The West Seattle Herald reported on Edmonds last March, just four months after she and her husband, Phil Crean, adopted three children, siblings from a Ukrainian orphanage to join their two other children. With her super-sized family, Cora still manages to get away from their Admiral District home and operate her busy gallery, now with the added pressure of hanging a large show.
“This show is really quite a dream come true,” Edmonds said. Her gallery generally features one artist or a theme with different artists, and she holds six main exhibits per year with smaller exhibits reserved for a large corner of the studio. “To dig into the archives was quite a project, to cull through thousands of shots to curate a body of work that makes sense.
“Our gallery’s mission is to foster cultural exchange through art, film, and photography,” she said. “Our work has always revolved around bringing work in from different cultures. For me to have traveled so much to bring in so much, people, things, objects, cultures, things that move me, that is what is important.
“The format will be easily digestible,” she said of the display of numerous images. “There will be a grid of 40 faces from around the world.

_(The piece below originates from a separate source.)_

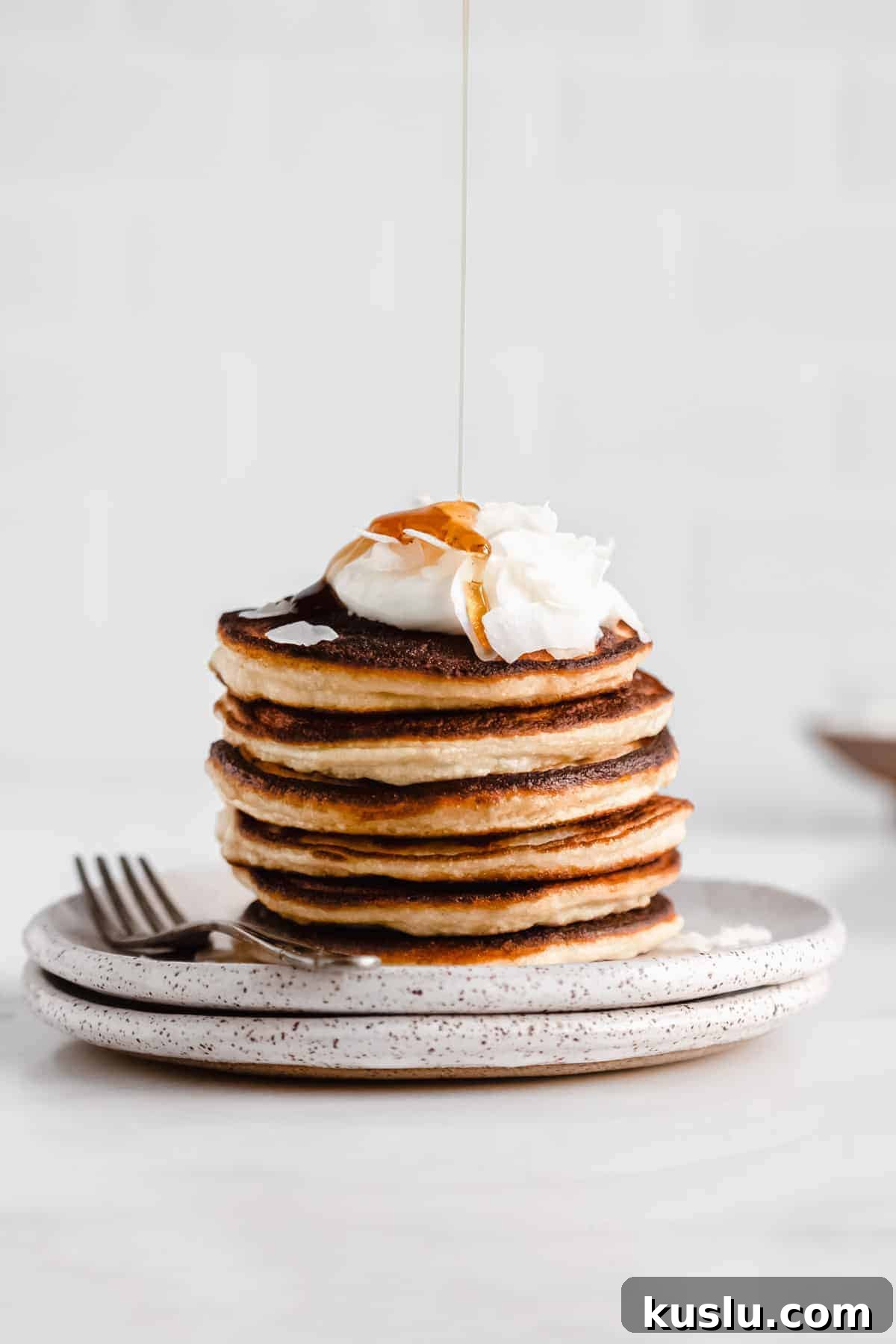 a stack of coconut flour pancakes topped with yogurt and coconut flakes with maple syrup being drizzled on top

We really want people who walk into the exhibit to be walking into the world, and the world welcoming them.”
Also featured are grids of photographs from about eight nations, including Ukraine, Egypt, and Vietnam. There are landscapes too, including a surreal image of a cozy cottage tucked into a forest seemingly overwhelmed by trees covered in fluffy white snow clomps, in New Zealand.
Faces include people she said she befriended on her journeys rather than strangers passing by, like the Sudanese camel trader and an Egyptian woman selling individual glasses of camel’s milk.
“I probably played for hours with most of the kids I photographed before taking their picture,” she said.
There is a photo of two kids playing with toy guns in the Himalayan mountain kingdom of Bhutan, which borders Nepal. Edmonds was there in 2005.
“These kids were novitiates, not established monks,” she said. “It’s obvious since they’re playing with guns. Bhutan is a wonderful country. Most countries measure output by GDP. In Bhutan they measure output in gross national happiness. They are asked at the end of the year how they feel. This is important to the king and government. About 10 years ago they started getting satellite television and the Internet. They are not sure what twists and turns this will cause their culture. Does seeing other things in other countries grow your desire to have more things, or, like the basic Buddhist philosophy, can we be here now with what we have and be happy with that?”
Visit: www. http://www.artxchange.org
Late correction: We originally reported that the gallery was located in Sodo. However, it is in Pioneer Square. The address remains correct: 512 First Avenue South. We regret the error. Thank you.